Qual, então, seria o propósito da vida? Sem querer soar como se estivesse me referindo a Heidegger ou à filosofia existencialista, estou interessada em outro tipo de pergunta. Quero dizer: sendo tudo tão passageiro e tendo consciência disso, a que atribuímos valor? Qual o sentido que atribuímos a estar vivo, a acordar mais um dia e seguir em frente? A que recorremos para fazer sentido?


Estamos diante das coisas como uma criança que faz pirraça em público por um motivo qualquer, irrelevante. Ao invés de colocarmos nossa presença diante das coisas e do mundo, esse tipo de presença búdica que dignifica e qualifica -- e, portanto, eleva --, estamos diante do outro como um displicente que entrou na casa de um rei e se esqueceu de deixar os sapatos na porta de entrada, ou como alguém fora de si, tão completamente imerso em seu próprio ego, que, diante de um professor, esqueceu-se de deixar o ego do lado de fora.


Não sei se foi Guru Sangat ou se foi o próprio Yogiji -- na verdade, essa sutileza de origem não importa, pois são ambos nossos professores -- quem nos disse que estamos constantemente presenteando o outro com o odor da nossa caca mental.
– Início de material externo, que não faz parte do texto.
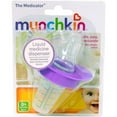 thumbnail image 2 of Munchkin The Medicator (2 Pack), Colors May Vary, 2 of 4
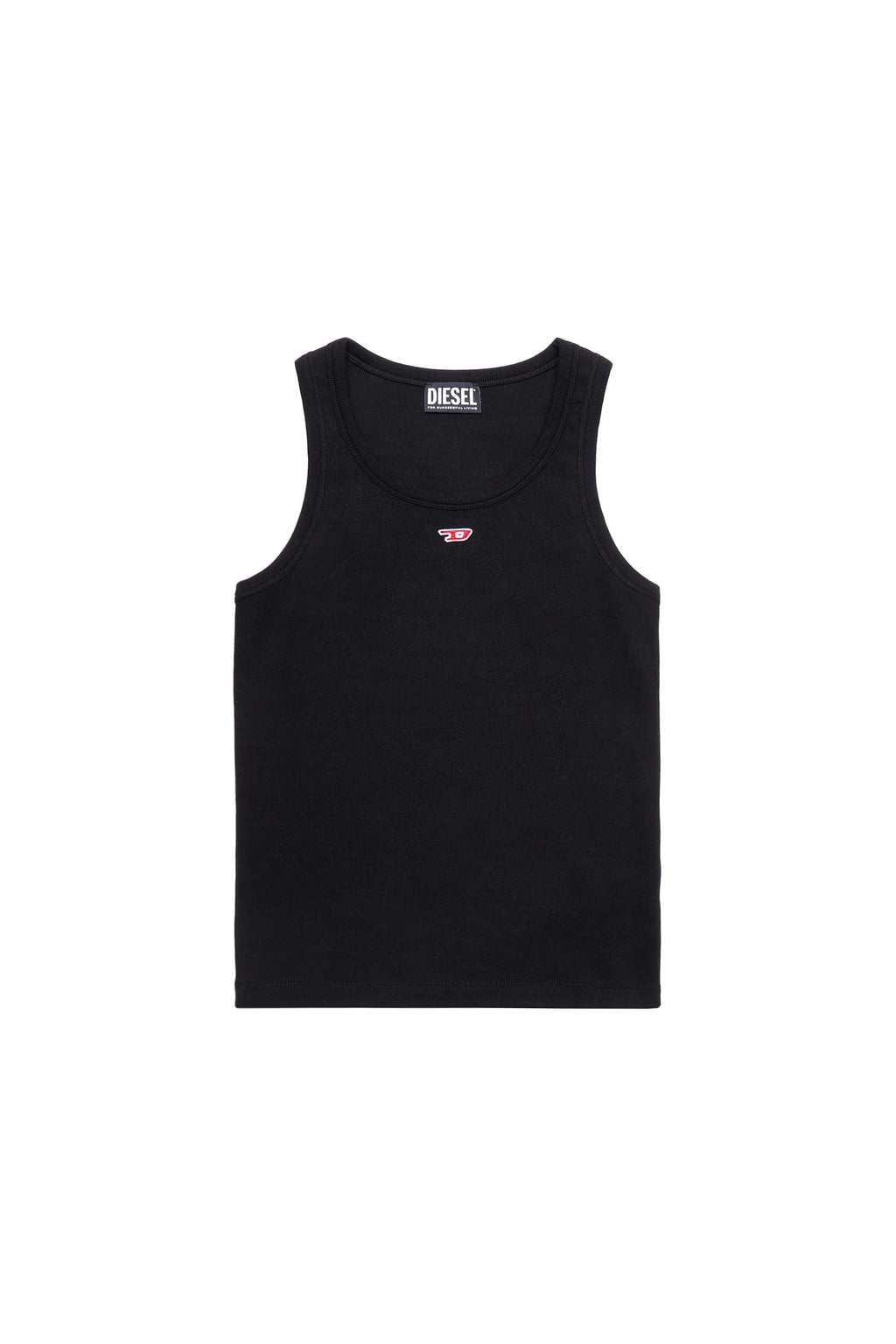 Regata Diesel T-Anky-D Feminina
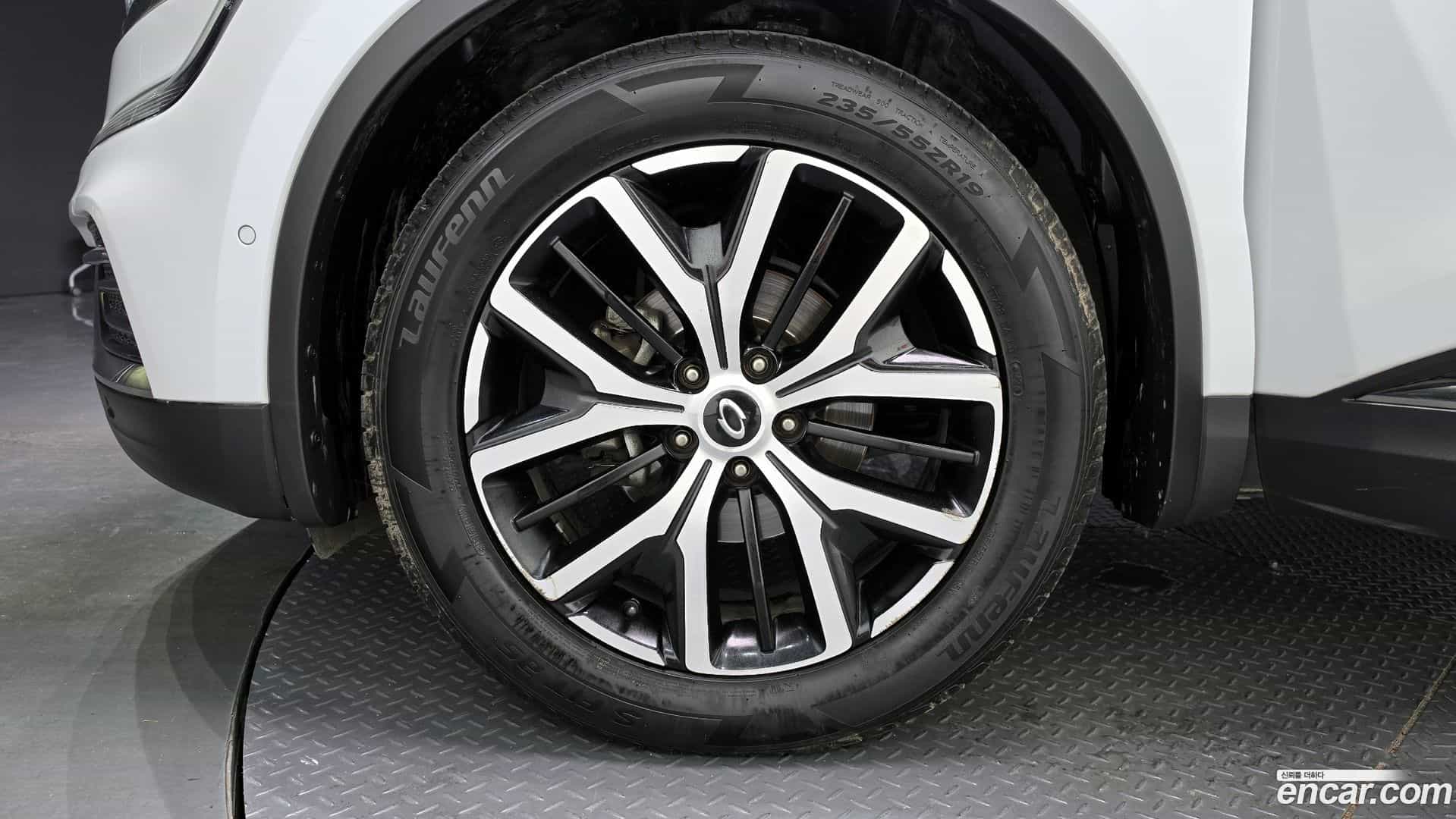 QM6 Renault Korea 2022.10-OUTER-005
Escatologias à parte, é interessante notar como temos pudor do odor de nossas axilas ou pés, ou qualquer outro atributo orgânico, mas não nos envergonhamos de nos apresentamos sujos e indignos diante do outro. (Importante notar como estamos apegados ao nosso próprio lixo. Constantemente apegados -- poderia dizer enfezados se quisesse usar um trocadilhos --, apesar da inconstância de todo o que existe).


O problema não é estar sujo, ou completamente imerso no ego. A questão é o quão você está consciente do -- e presente no -- seu compromisso a ponto de dignificar a todos (e não vacilar nos hábitos do ego de degradar ou desqualificar: o outro, as circunstâncias et cetera)
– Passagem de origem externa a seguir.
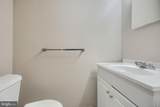 17 Killadoon Court - Photo 28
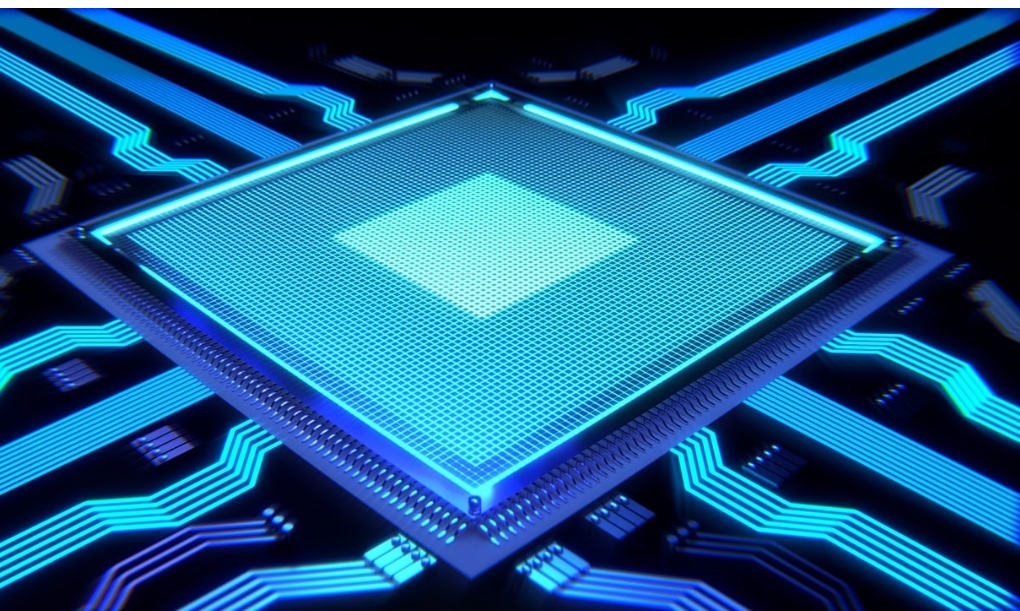 Kelebihan dan Kekurangan Artificial Intelligence, yang Paling Keren Mobil Bisa Berjalan Tanpa Disopiri Manusia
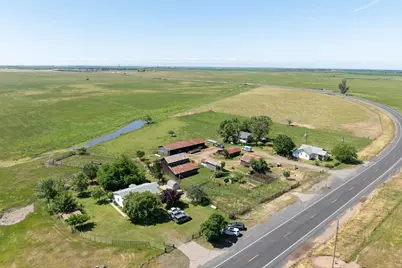 30444 E Highway 4, Farmington, CA 95230 - Photo 5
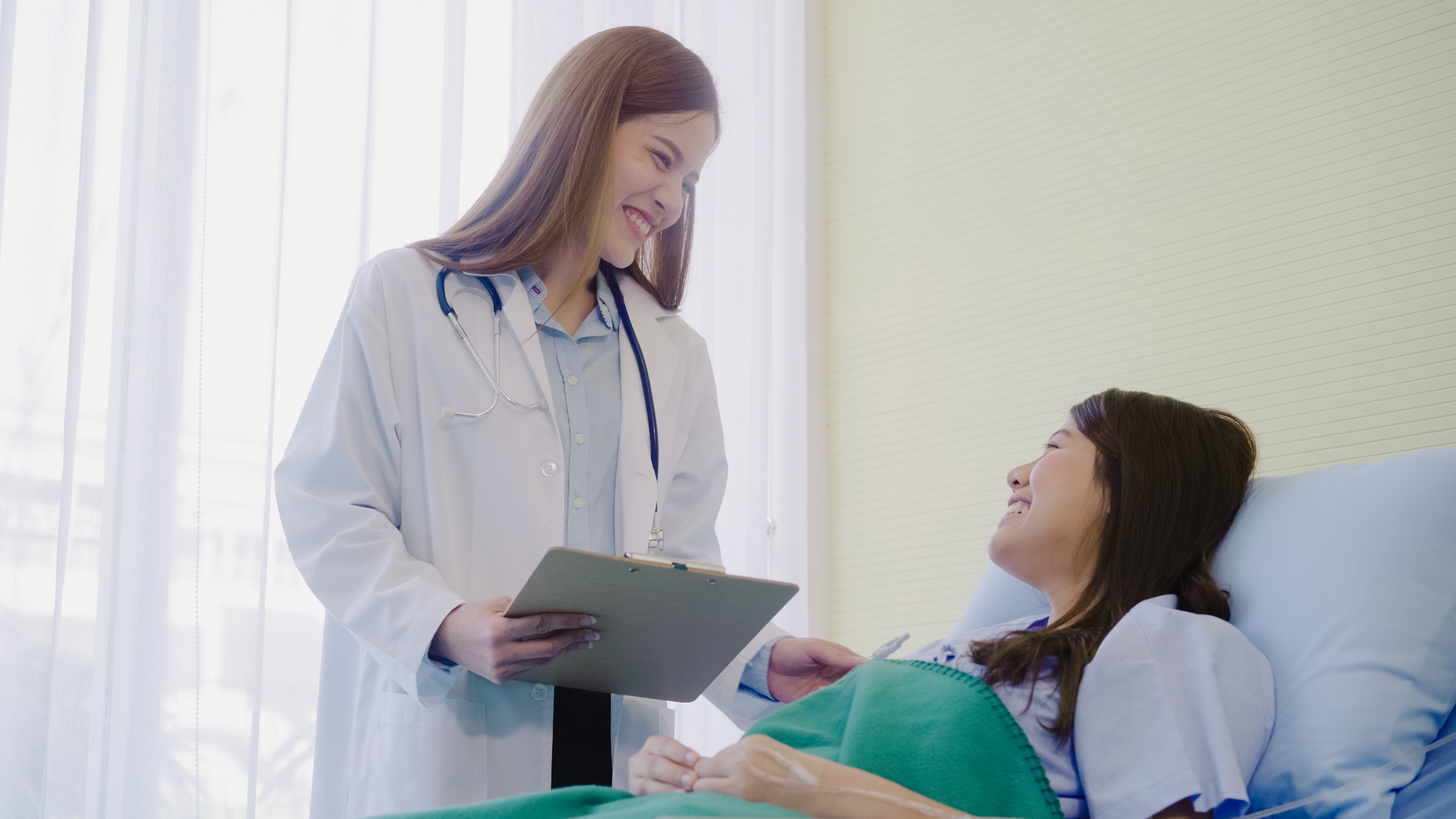 Chữa bệnh lậu ở Đắk Nông tại nhà uy tín, an toàn, dứt điểm tận gốc.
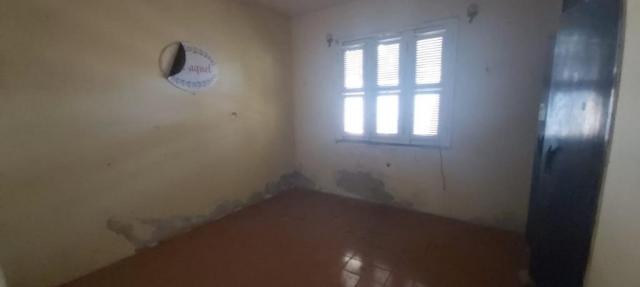 Casa com 5 dormitórios à venda, 230 m² por R$ 1.400.000,00 - Fátima - Fortaleza/CE - Foto 16
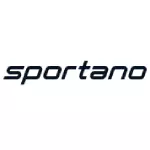 Sportano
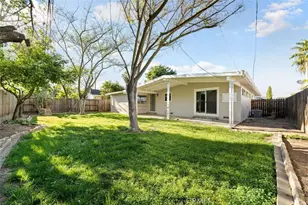 133 Buckeye St, Woodland, CA 95695 - Photo 19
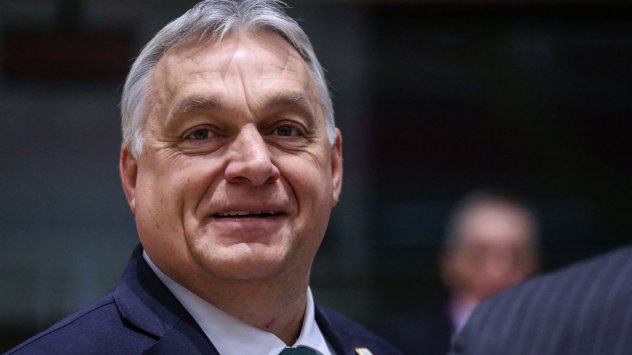 Снимка: Bloomberg LP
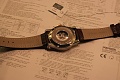 Нажмите на изображение для увеличения
Название: IMG_2350.JPG
Просмотров: 338
Размер:	198.7 Кб
ID:	289218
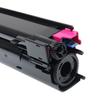 Compatible Sharp MX-60CT Cyan High-Yield Toner Cartridge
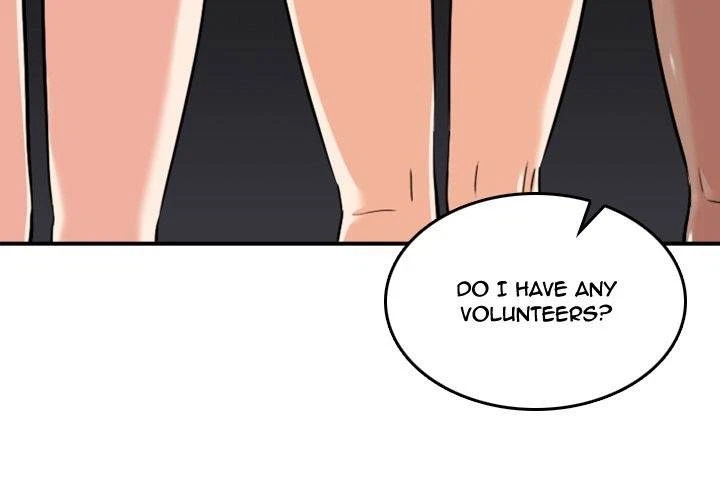 Chapter 60, page 103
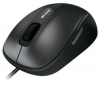 MICROSOFT Myš Comfort Mouse 4500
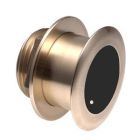 Garmin B175h Bronze 20 Degree ThruHull Transducer 1kw, 8Pin-small image
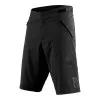 Дитячі велошорти TLD Skyline Short [Black]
Mesmo sabendo das impermanência de todas as coisas, tendemos a dar valor a situações, objetos ou afetos que não nos dignifica, enquanto esquecemos de exaltar os atributos daqueles que estão por perto. Pensaria, a princípio, como nos lembramos de dar valor a entes queridos, em especial, aqueles que respondem por nossa linhagem, apenas quando estes já não estão mais presentes. Quando estes já passaram por mais uma etapa de vida e morte. Se pensarmos então em nossos professores, essa displicência em relação a um tônus da presença se torna ainda mais problemática.
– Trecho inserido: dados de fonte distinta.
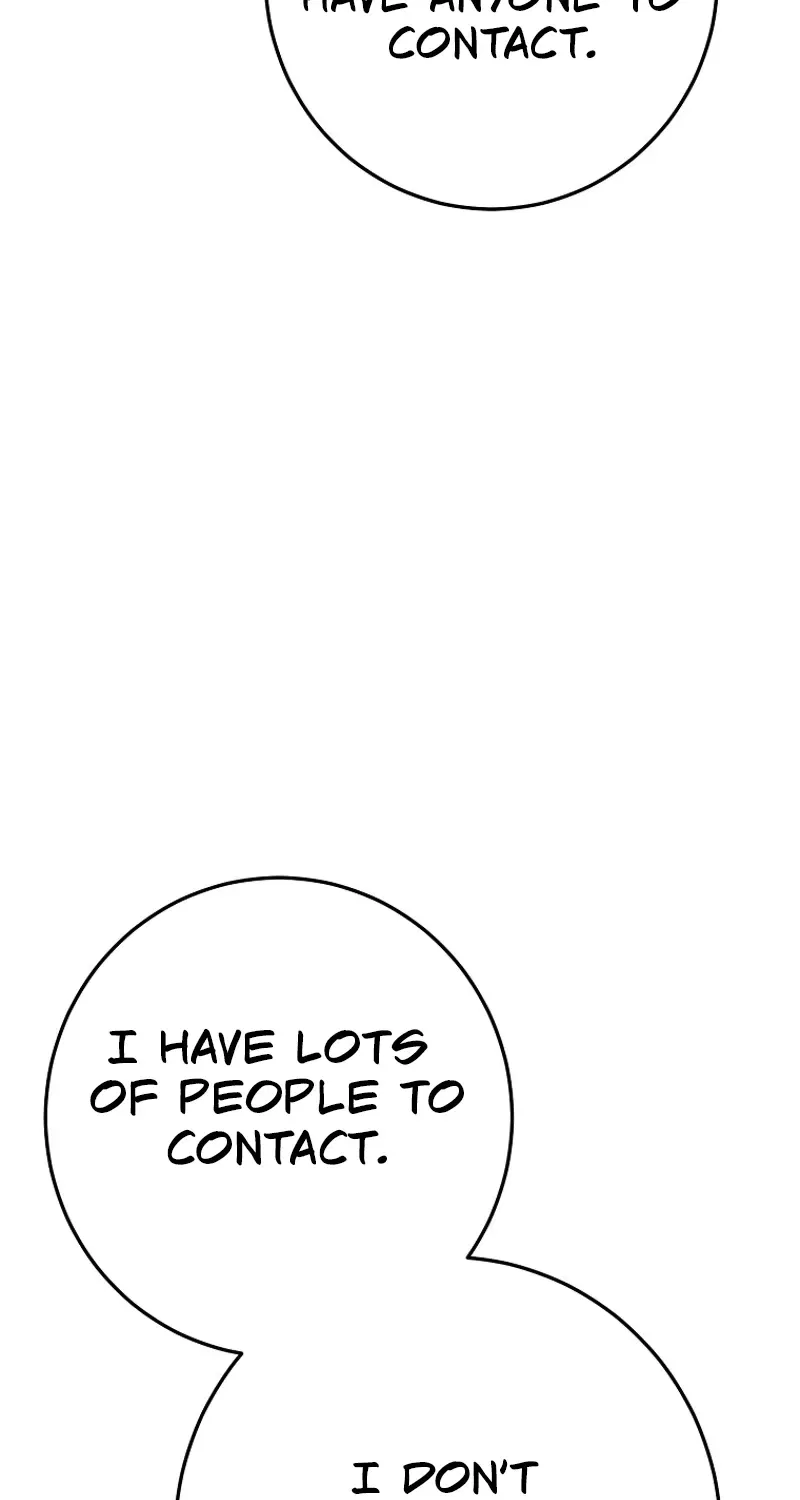 Tyrant Husband Chapter 14 – Page 135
Escrevo para compartilhar o sentimento que sinto há pouco mais de um mês quando penso, medito e sinto o valor de uma sangat -- estando longe dela. Como uma família, tendemos a dar mais atenção (e alimentar) a caca parental do que o poder criativo de uma mãe ou a solidariedade amorosa de um irmão. Despendemos mais energia gerando mais intrigas mentais para servir de playground para nosso ego do que respirando fundo, abençoando nossa própria ignorância e deixando para lá nossas neuroses, em busca de uma luz, esta mesma luz encarnada em ensinamentos conduzidos por um professor, ou um Gu-Ru, este capaz de nos conduzir da escuridão para a luz. Como numa família, precisamos aprender a dignificar e exaltar aqueles que nos rodeiam e nos sustentam, aqueles que nos instigam a sermos sempre o melhor de nós mesmos. Não precisamos idolatrar ninguém oferecendo "em sacrifício" a nossa própria caca. Talvez pudesse ser mais interessante elevarmos tudo à condição de professor, desde circunstâncias adversas à própria caca. Mas, antes de mais nada, tomarmos efetiva consciência do ser búdico de tudo que existe, da qualidade “professor” de tudo aquilo que chega até nós. E como verdadeiros sikhs, ou seekers, estarmos abertos para a mudança. Pois como já disse Siddharta Buddha, não há aprendizado sem mudança.


Não gostaria de viver a vida de um morcego e atribuir demasiado sentido à escuridão, apesar de saber que a escuridão também é Buddha. Mas se estou aqui para preencher o espaço e o tempo de uma vida humana, bem...


Se tudo é tão impermanente, talvez o sentido a ser atribuído seria tornar essa vida tão digna e tão cheia de luz que se não serviria para parar, pelo menos diminuiria esse ciclo constante de morte e vida -- para que, quem sabe um dia, estejamos libertos deste fardo de encarnar. E podermos, então, voltarmos a habitar a nossa origem, infinita.